We have 11 entries and you can vote for as many or as few as you like.
Fantastic work everyone. There are some great maps here.

The voting will last for 3 days and the winner will receive a shiny silver compass!

Regardless of who you vote for, please don't forget to REP everyone you feel deserves it.

----------


## MapMappingMapped

Awesome! I picked two, but I really love all of them.

----------


## mixerbach

It was too close for comfort last night, but I got my map done and uploaded at the last second! ... the VERY LAST SECOND!  :Surprised:  Phew!
Congratulations to everyone who participated in this Lite Challenge. It was tough to limit myself to just three votes, but I did so and still like my choices. Even so, job well done everyone! Rep will be forthcoming.  :Very Happy: 

 :Arrow:  Many thanks, as usual, to *Bogie* for his continued support of these proceedings.  :Compass Rose:

----------


## Tenia

Hi all, many great entries, I limited myself to three (Corilliant, Daistallia and ladiestorm) but it was hard to choose, congrats everyone!

----------


## fol2dol

I limited myself to three but congratulations to all of you!

----------


## Adfor

Haven't had a chance to really follow this lite challenge, but there were a lot of great entries.

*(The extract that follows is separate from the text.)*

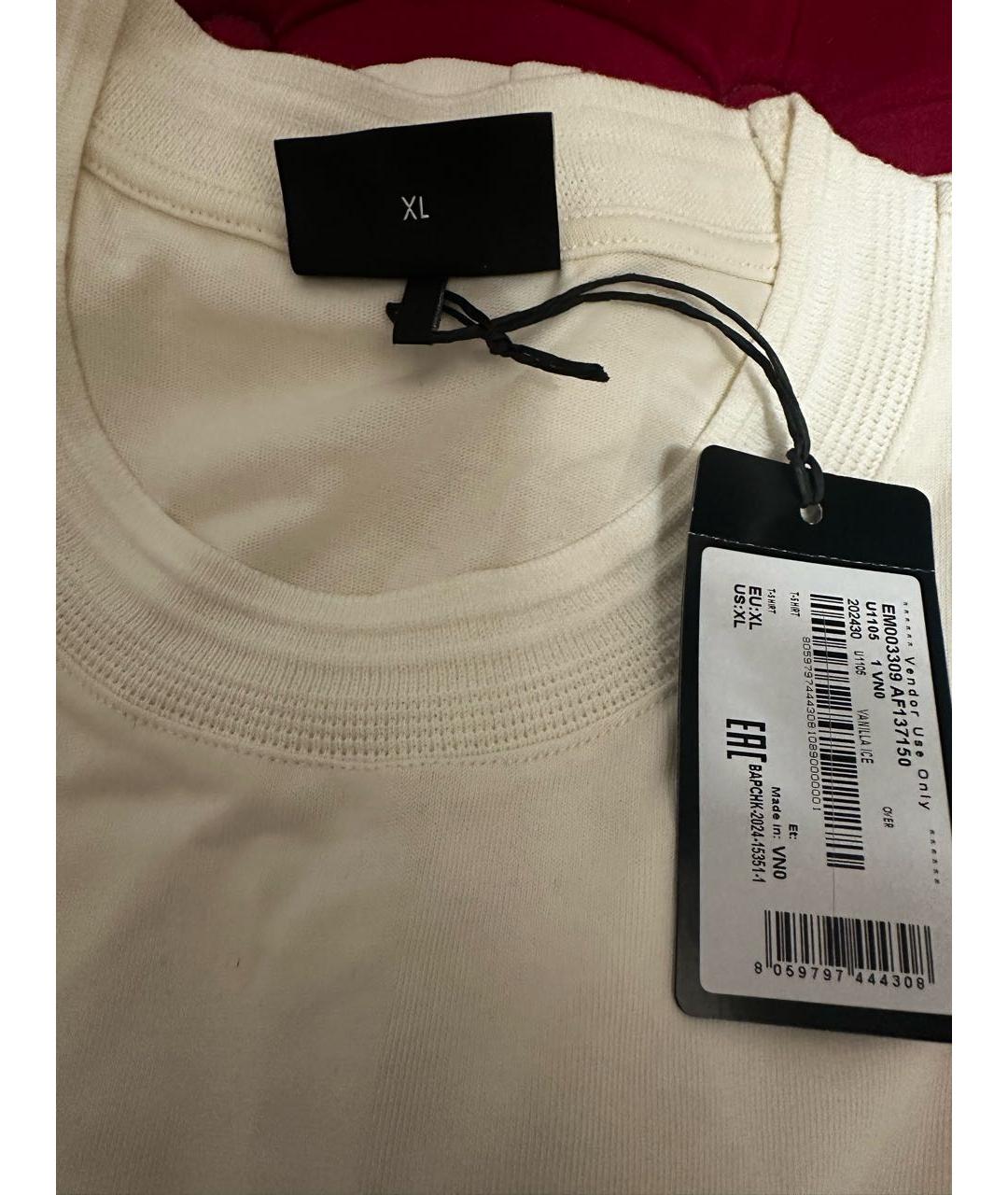 EMPORIO ARMANI Бежевая хлопковая футболка, фото 4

I only had one I wanted to really vote for, and that was the Destruction of Whitetower by Corilliant, the imminence of destruction was so well displayed.

Cheers!

IR

----------


## ladiestorm

I don't know why... but this time it was easy for me to vote... as there were two that just really spoke to me.  But everyone did so well, congrats to all on a really great challenge!

----------


## Bruno Müller

This was my first challenge and I loved it. All the contestants made such beautiful works! Glad to participate.  :Smile:

----------


## Jerron

This was a rather easy decision for me because to me there were only two entries who clarly showcase the destruction part of the task. So those are the two I voted for.

----------


## MistyBeee

Congratulation for your win, Corilliant, and good job to all the other challengers ! We had some very great entries !

----------


## Bruno Müller

Congratulations, Corilliant!  :Very Happy:   :Very Happy:

----------


## Tenia

Congrats Corilliant, well deserved!

----------


## Kellerica

Nice work, Corilliant! Congrats  :Smile:

----------


## Bogie

Congratulations, Corilliant!  I will get the Silver Compass shipped to you soon!   :Wink: 

Well done everyone, great turnout!

----------


## Corilliant

Thanks for the support and lovely comments! I honestly was not expecting the result. Great work from everyone.

----------


## Kier

Congrats Corilliant! 

A lot of great maps there this time around.

----------


## S. E. Davidson

Awesome job Corilliant! I absolutely loved your map. Congrats!

----------